Em função do objetivo de aumentar a escala de produção de um produto diferenciado e com maior número e participação de produtores, houve a necessidade de estabelecer relações de parceria entre os agentes da cadeia. Este fato se deu no processo ainda em andamento no Mato Grosso do Sul, onde ABPO, diferentes empresas privadas e governo do estado estabeleceram parcerias estratégicas para desenvolvimento da cadeia produtiva. O fruto de todo esforço foi que, em 2018, o Governo do Estado de Mato Grosso do Sul - MS aprovou legislação, que oficializou o incentivo fiscal para produção de carne orgânica e de carne sustentável, criando o Subprograma de Apoio à Produção de Carne Sustentável do Pantanal, no âmbito do Programa de Avanços na Pecuária de Mato Grosso do Sul - PROAPE-, por meio da Resolução conjunta SEFAZ/SEMAGRO nº 074, de 22 de novembro de 2018 (Mato Grosso do Sul, 2018).
Na Figura 1, observamos, no período de janeiro de 2019 a março de 2022, um crescimento significativo no número de animais abatidos mensais com certificação de sustentável (Sust). Por outro lado uma relativa estabilidade Os abates mensais de animais com certificação orgânica (Org) mantiveram-se relativamente estáveis no período avaliado. Apesar da isenção do ICMS ser percentualmente mais atrativa, ou seja, o valor que retorna para o produtor ser maior. Por outro lado, o Protocolo de Carne Orgânica determinado pelo Ministério da Agricultura.
Figura 1. Número mensal de animais abatidos no período de janeiro de 2019 a maio de 2021, no protocolo de orgânicos (Org) e sustentável do Pantanal (Sust).

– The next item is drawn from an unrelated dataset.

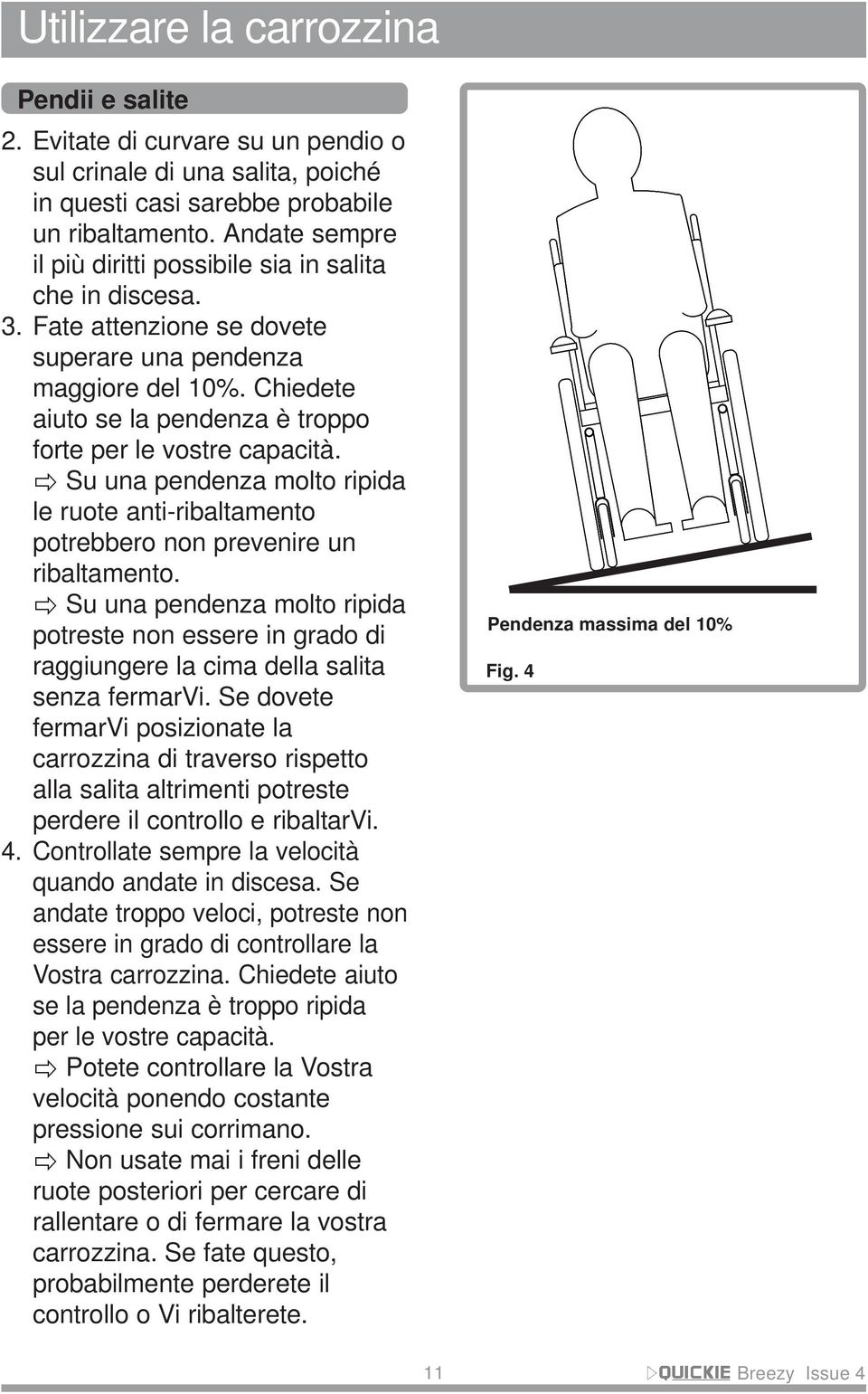 Chiedete aiuto se la pendenza è troppo forte per le vostre capacità. Su una pendenza molto ripida le ruote anti-ribaltamento potrebbero non prevenire un ribaltamento.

O retorno financeiro da isenção fiscal mensal, no período de janeiro de 2019 a março de 2022, dos protocolos orgânico (Org) e sustentável (Sust) pode ser observado na Figura 2. Como era de se esperar, segue a mesma tendência do número de abates mensais. Claramente após a legislação estadual aprovada no final do ano de 2018, os elos da cadeia de produção tiveram de se organizar durante o ano de 2019, até meados do ano de 2020, quando houve crescimento significativo do número de animais abatidos, especialmente para o protocolo sustentável e consequentemente da premiação para os animais abatidos.
Figura 2. Valor financeiro (reais) mensal pago aos animais abatidos no período de janeiro de 2019 a maio de 2021, no protocolo de orgânicos (Org) e sustentável do Pantanal (Sust).
Desafios futuros
A política pública estabelecida pelo PROAPE é um processo que sempre deverá ser melhorado, absorvendo novas tendências determinadas pelo consumidor. A denominação de origem pode ser considerada uma das tendências para o sistema de produção de carne para os próximos anos e, neste sentido, pecuaristas, associações de produtores e frigoríficos trabalham em termos de diferenciação de cortes e processos produtivos em busca de geração de valor a seus produtos. A carne terá dezenas ou até centenas de denominações de origem, de sistemas e de cortes, para satisfazer consumidores exigentes e em busca de novas experiências gastronômicas.
Outro ponto importante, a ser desenvolvido para a sedimentação do sistema de produção sustentável, é a rastreabilidade dos bezerros produzidos no Pantanal. Produtores que só fazem a cria poderão ser também beneficiados com a produção de bezerros sustentáveis conforme determinado protocolo produtivo. E desta maneira a política pública possuirá o potencial de ser adotada por grande parte dos criadores de gado de corte do Pantanal de MS.